Gold and Bonds Outperform – Will It Last the Entire 2020

Best Binary Options Brokers 2020:
  • BINARIUM
    BINARIUM

    Best Options Broker 2020!
    Great Choice For Beginners!
    Free Trading Education!
    Free Demo Account 1000$!
    Get Your Sign-Up Bonus Now!

  • BINOMO
    BINOMO

    Only For Experienced Traders!

Bloomberg

We’ve detected unusual activity from your computer network

To continue, please click the box below to let us know you’re not a robot.

Why did this happen?

Please make sure your browser supports JavaScript and cookies and that you are not blocking them from loading. For more information you can review our Terms of Service and Cookie Policy.

Need Help?

For inquiries related to this message please contact our support team and provide the reference ID below.

Analysts: These 3 FAANG Stocks Could Outperform in 2020

The faangtastic five — Facebook, Amazon, Apple, Netflix and Google — are more than some of the world’s most successful tech and internet services companies. All have a presence in users’ daily lives that goes beyond a mere product-consumer relationship.

There is an argument to be made that these companies represent global powers almost matching those of sovereign states, and in some cases are likely to inspire more devotion than citizens might feel towards their respective nations.
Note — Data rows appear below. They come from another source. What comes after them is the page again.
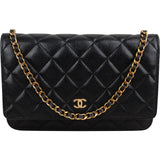 Chanel Quilted Caviar Leather Wallet On Chain Crossbody Bag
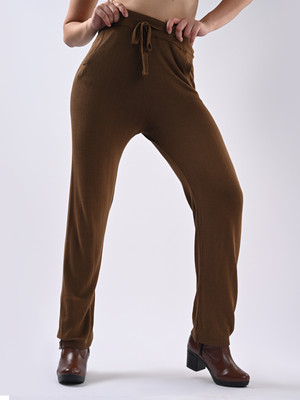 Kraus Jeans Women Sepia High-Rise Loose Straight Pants Loose Fit Women Brown Trousers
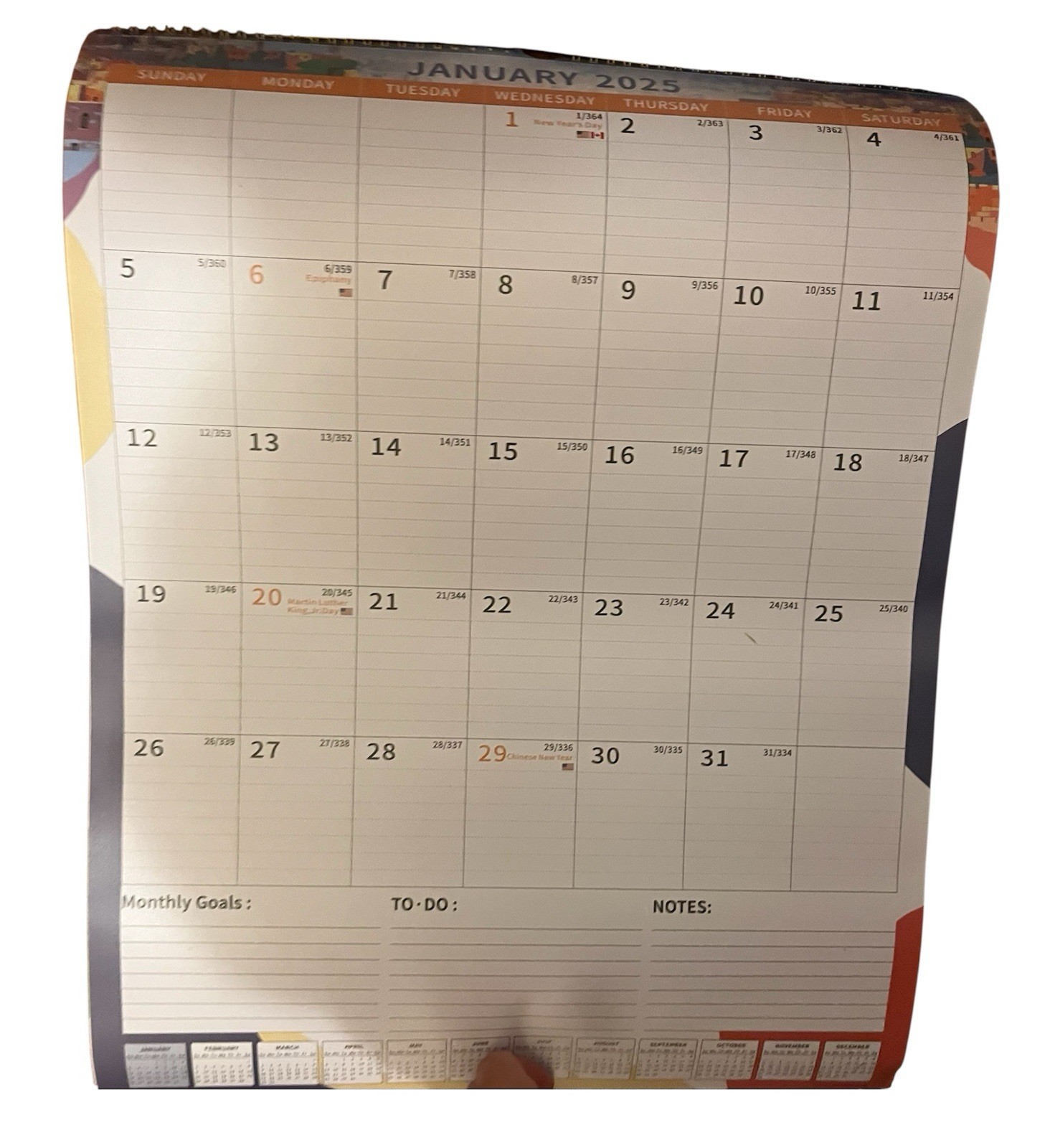 2025-2026 Wall Calendar 18 Month Large 17×12 with Stickers Thick Paper Planner
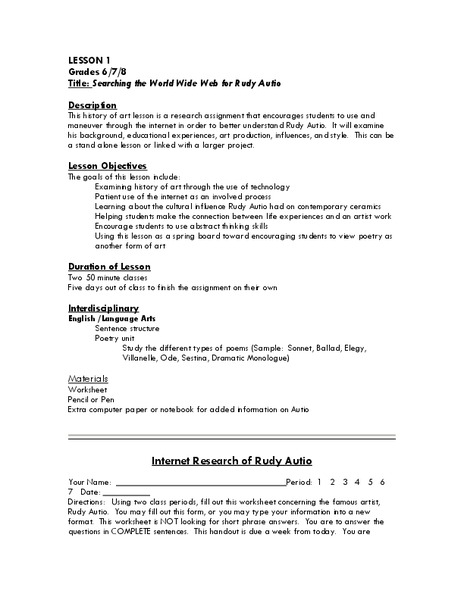 Searching the World Wide Web for Rudy Autio Lesson Plan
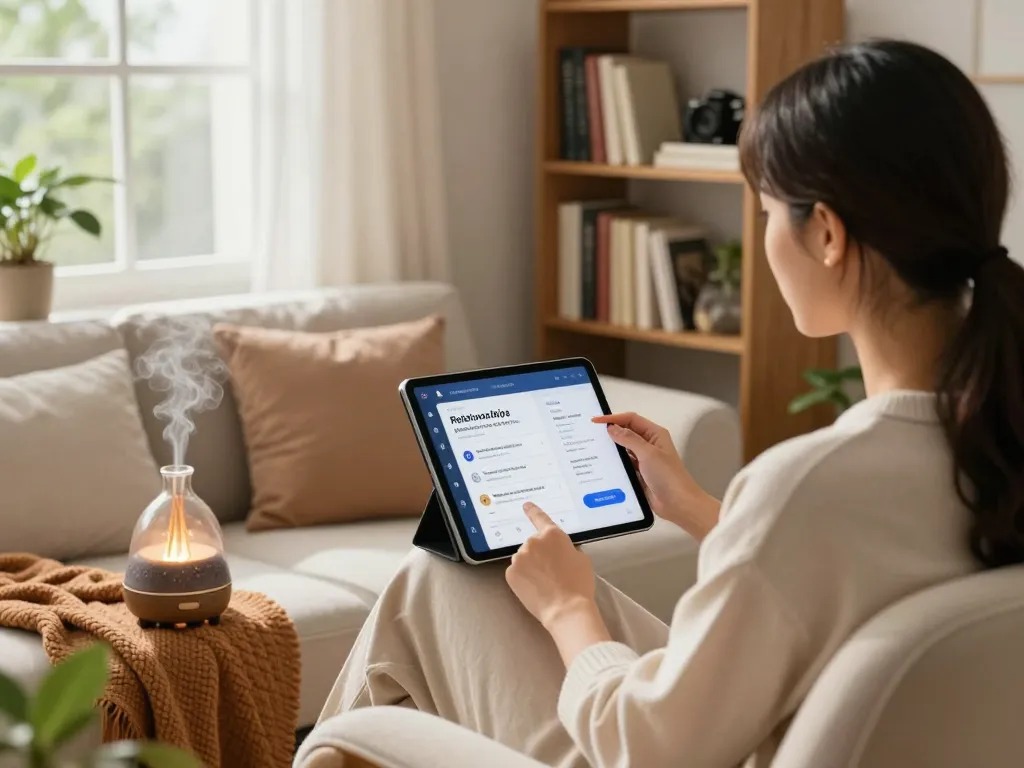 Engaged individual exploring ai sex app in a serene home office, emphasizing personal well-being.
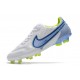 Nouvelles Crampons Nike pour Hommes - Tiempo Legend 7 Elite FG Blanc Gris Métallique Bleu Héros
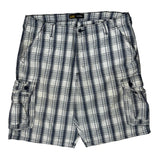 Lee Checked Cargo Shorts - 38W 11L Blue Cotton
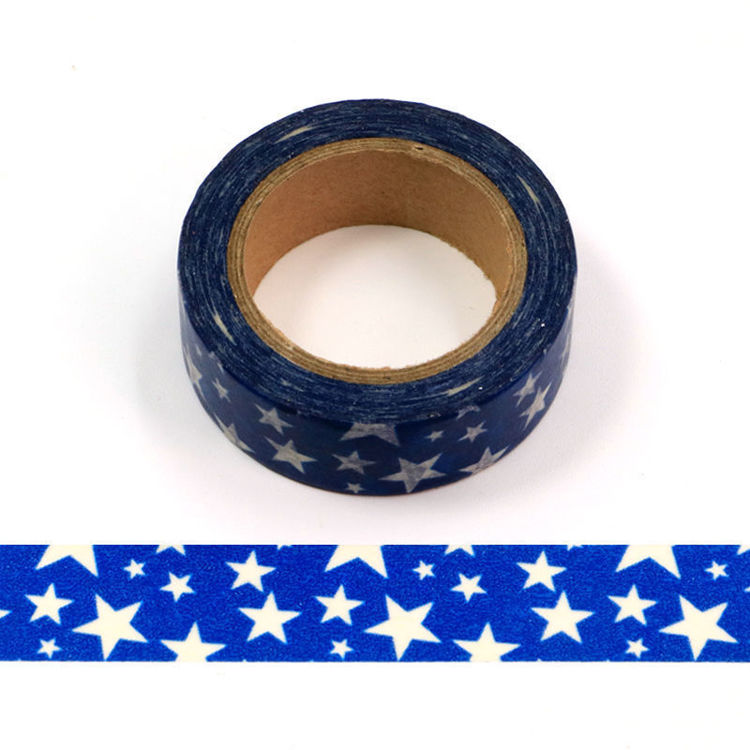 Blue background star printing washi tape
Not to mention, the impact some of these companies have had in shaping lives beyond the original purpose of their product, has raised questions regarding a company’s role in society. So, with increasing clout and influence, what does the new decade hold in store for these mega-caps?

TipRanks’ Stock Comparison tool lined up 3 of the FAANG stocks alongside each other to get an idea of what the analysts think is in store for the tech giants in the year ahead. Let’s dive in.

Facebook (FB)

Facebook has weathered so many issues and scandals over the past year. Just a short list of “the 2020 trials and tribulations of Facebook”: congressional hearings, users’ data privacy worries, allowing false claims in political ads, regulatory issues concerning its proposed digital currency Libra… we could go on. Yet, still Facebook marches ahead, its share price seeing out the year almost 60% up from where it started.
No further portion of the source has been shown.